MANILA, Philippines - Philippine Airlines remains keen on acquiring a regional airline even as it embarks on a massive refleeting program, according to a top company official.
PAL president Ramon S. Ang said investing in a foreign carrier continues to be a part of the company’s growth plan as it seeks to reach new skies and reclaim the top spot in the local aviation industry.
When asked whether there were ongoing negotiations with a regional airline, Ang said in a mobile phone message: “Yes but very sensitive issue, can’t say anything else.”
PAL, which grapples with high fuel prices and stiff competition from its main rival, budget carrier Cebu Air, is overhauling its fleet to meet higher demands of airline travellers.
It also plans to introduce new flights to new destinations including the Middle East, Europe and other parts of the United States to expand its global reach and swing to profitability in two years time.
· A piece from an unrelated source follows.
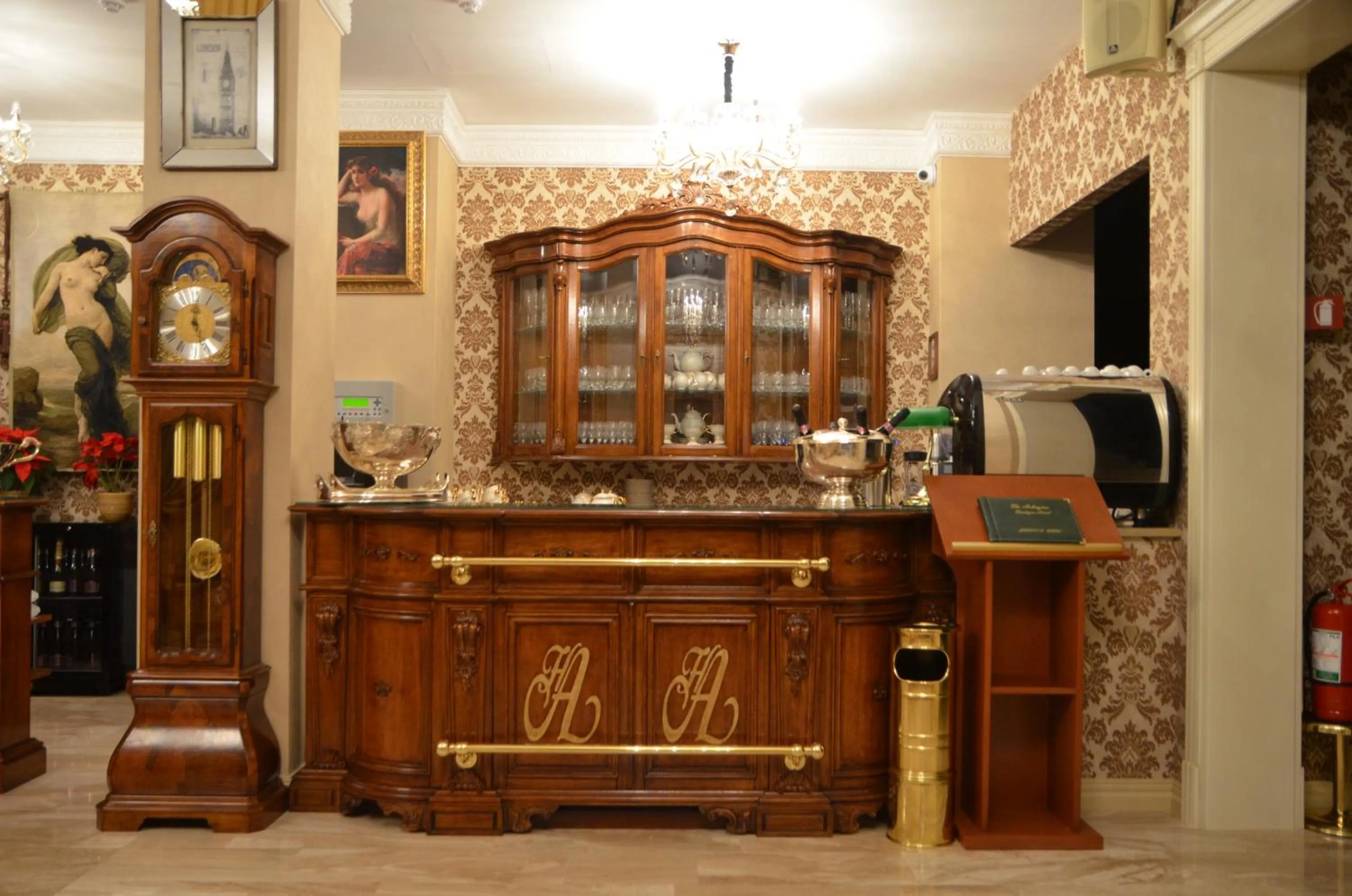 Lounge or bar in The Arlington Boutique Hotel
PAL is currently blacklisted from flying to the 27-member European Union due to its failure to comply with international safety standards.
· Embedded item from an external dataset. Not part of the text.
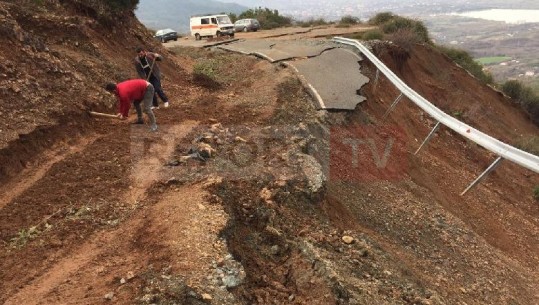 Që prej të shtunës të izoluar, banorët e fshatit Ungrejt në Lezhë ndërhyjnë vetë për të bërë rrugën të kalueshme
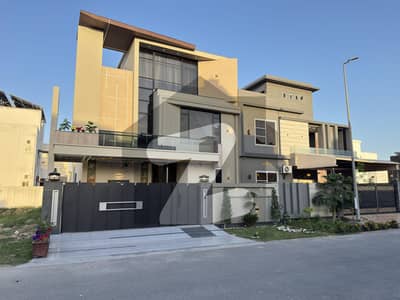 سٹی ہاؤسنگ سوسائٹی گوجرانوالہ میں 6 کمروں کا 10 مرلہ مکان 4.6 کروڑ میں برائے فروخت۔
Under the Philippines’ current category 2 status, the flag carrier is also prohibited from mounting additional flights to US destinations.
Ang, who is also president of highly-diversified conglomerate San Miguel Corp., said the aggressive re-fleeting program would help PAL bring down maintenance and fuel costs by as much as 20 percent.
San Miguel took over management of the flag carrier in April by acquiring a 49-percent stake in PAL in in a deal worth about $500 million, marking its first foray into the airline business.
PAL is currently focused on rebuilding its fleet with plans to acquire 100 new airplanes in the next five to seven years. San Miguel expects PAL to start contributing to its bottom line by next year.
In August, PAL entered into a $7-billion contract with Airbus for the acquisition of 54 aircraft comprising 34 A321ceo, 10 A321neo, and 10 A330-300s, targeted for delivery starting next year. These planes will be deployed to the carrier’s regional and mid-range flights including its expected re-entry to the Middle East market.
PAL is also buying another 10 wide-bodied jets with a list price of $250 million each from European Aeronautic Defence and Space Co. NV.
The balance of the 100-plane acquisition plan is expected to go to Airbus’ rival, Boeing, in anticipation of the country being restored to Category 1 status by the US Federal Aviation Administration.
PAL currently maintains and operates 39 aircraft comprising of five Boeing B747-400s and three B777-300ERs as well as four Airbus A340-300s, eight A330-300s, 15 A320-200s, and four A319-100s.
San Miguel and the group of taipan Lucio Tan are considering building a major new airport in the country that might cost $5 billion to $6 billion.